Task to carry out -
Pictures are not part of the copy. Reproduce all the records exactly.

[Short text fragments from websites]
------------------------------------------------------------------------

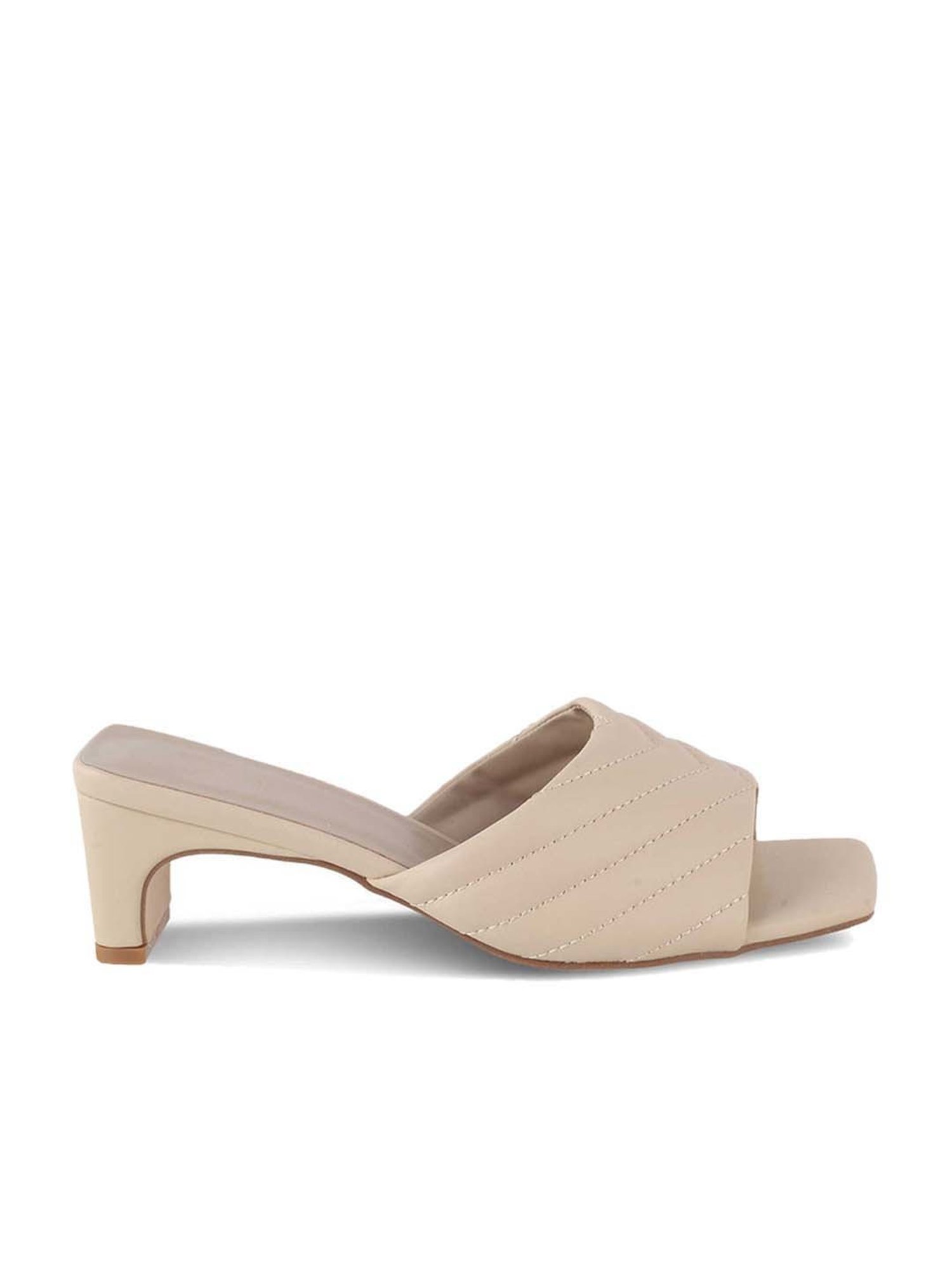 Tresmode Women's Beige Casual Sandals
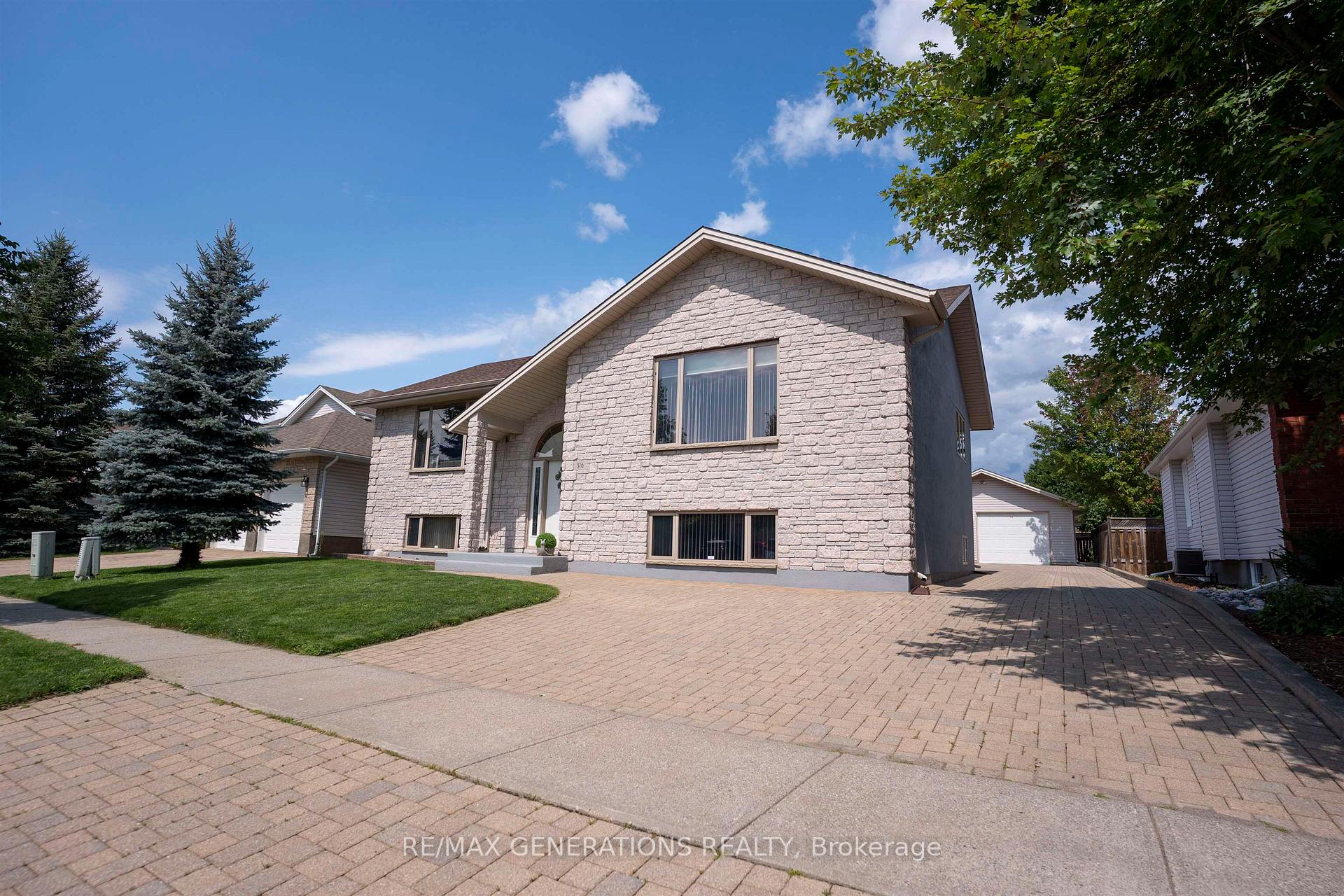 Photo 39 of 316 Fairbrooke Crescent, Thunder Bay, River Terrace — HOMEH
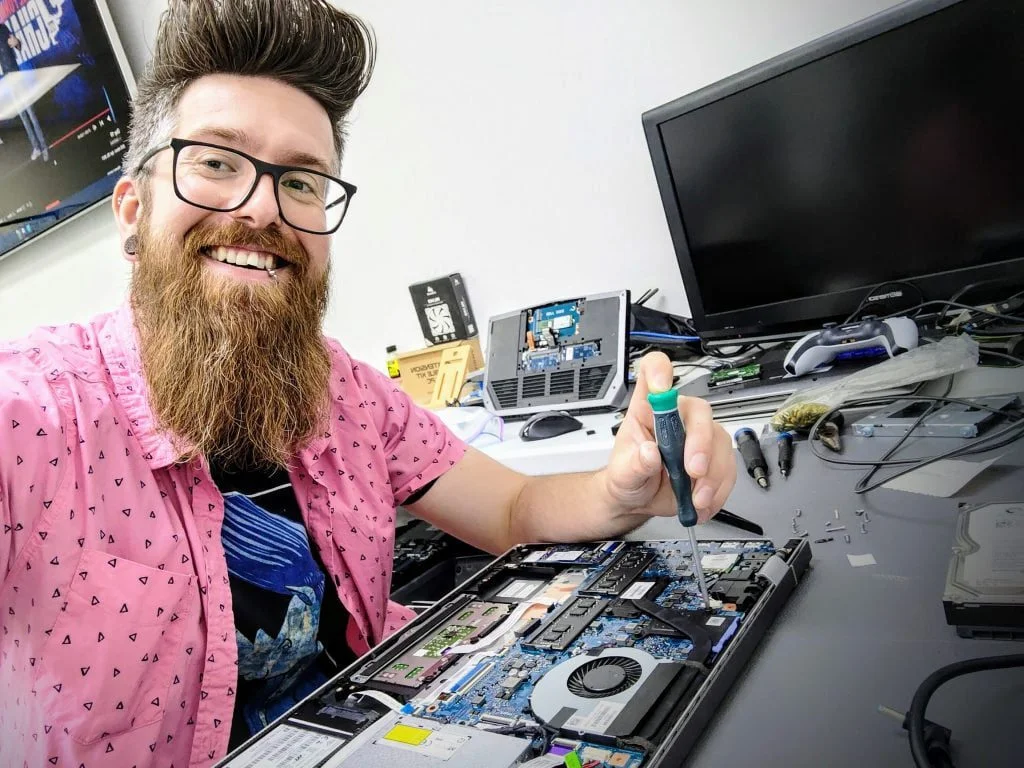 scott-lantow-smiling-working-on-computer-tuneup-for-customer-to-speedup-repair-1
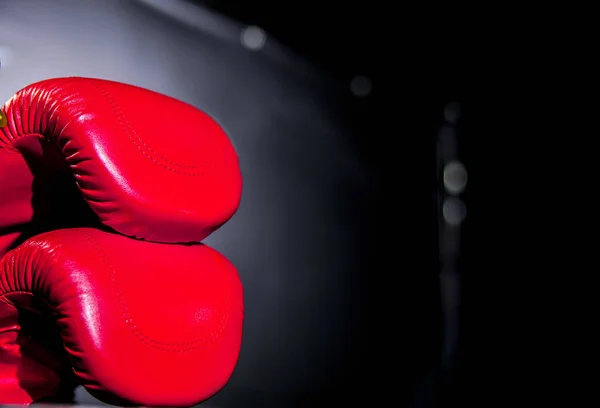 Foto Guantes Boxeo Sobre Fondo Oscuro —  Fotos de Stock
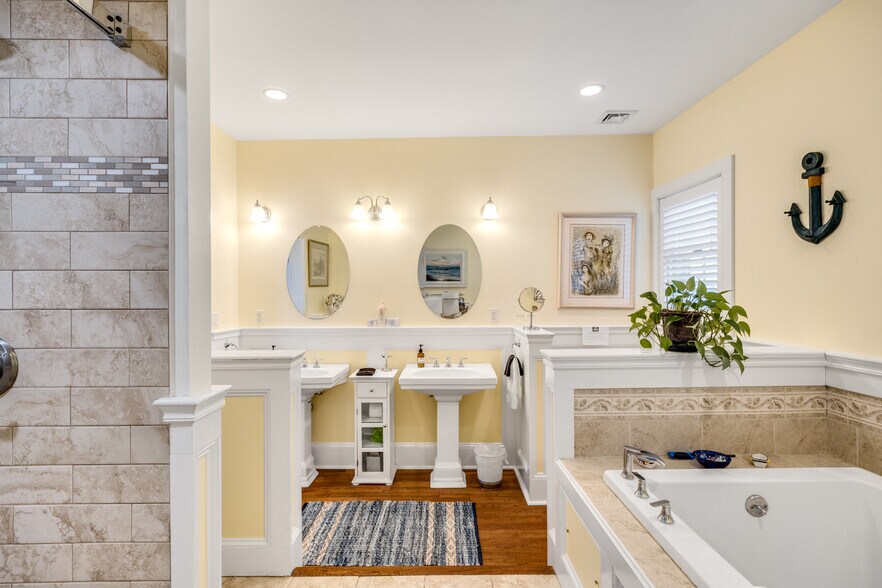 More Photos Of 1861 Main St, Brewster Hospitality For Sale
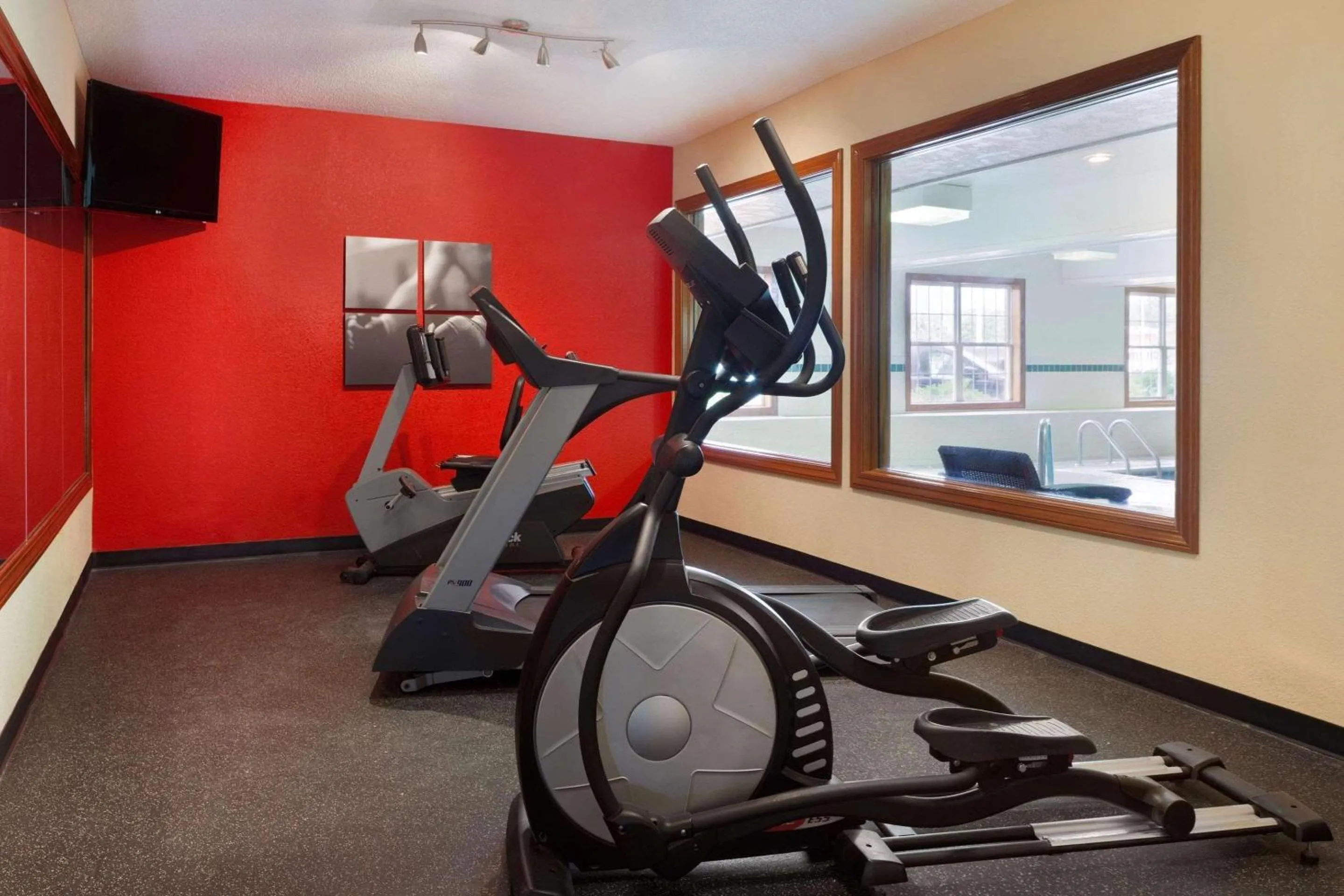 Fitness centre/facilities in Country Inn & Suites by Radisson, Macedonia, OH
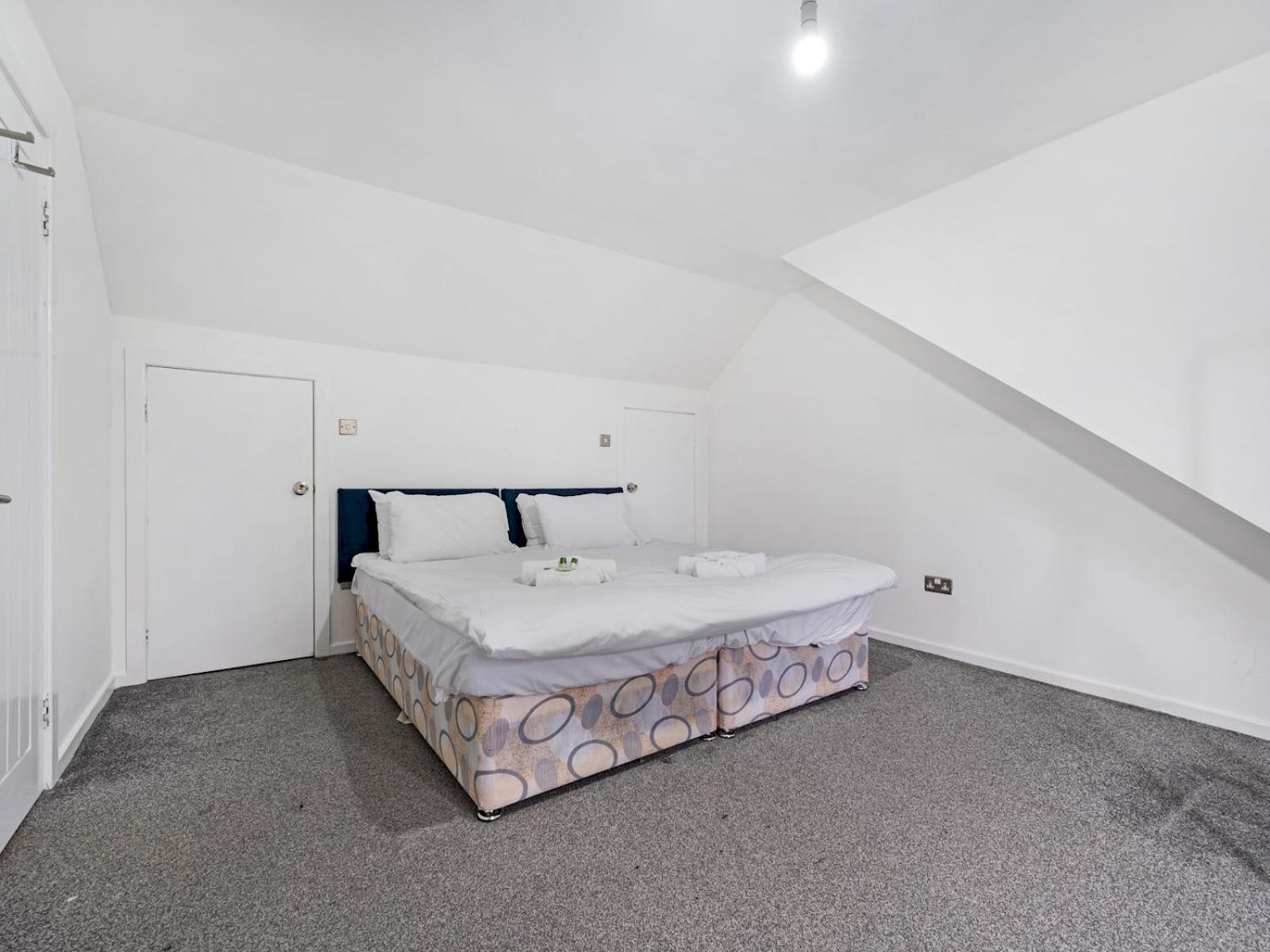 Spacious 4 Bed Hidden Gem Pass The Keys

------------------------------------------------------------------------

Written response -
 Tresmode Women's Beige Casual Sandals
 Photo 39 of 316 Fairbrooke Crescent, Thunder Bay, River Terrace — HOMEH
 scott-lantow-smiling-working-on-computer-tuneup-for-customer-to-speedup-repair-1
 Foto Guantes Boxeo Sobre Fondo Oscuro —  Fotos de Stock
 More Photos Of 1861 Main St, Brewster Hospitality For Sale
 Fitness centre/facilities in Country Inn & Suites by Radisson, Macedonia, OH
 Spacious 4 Bed Hidden Gem Pass The Keys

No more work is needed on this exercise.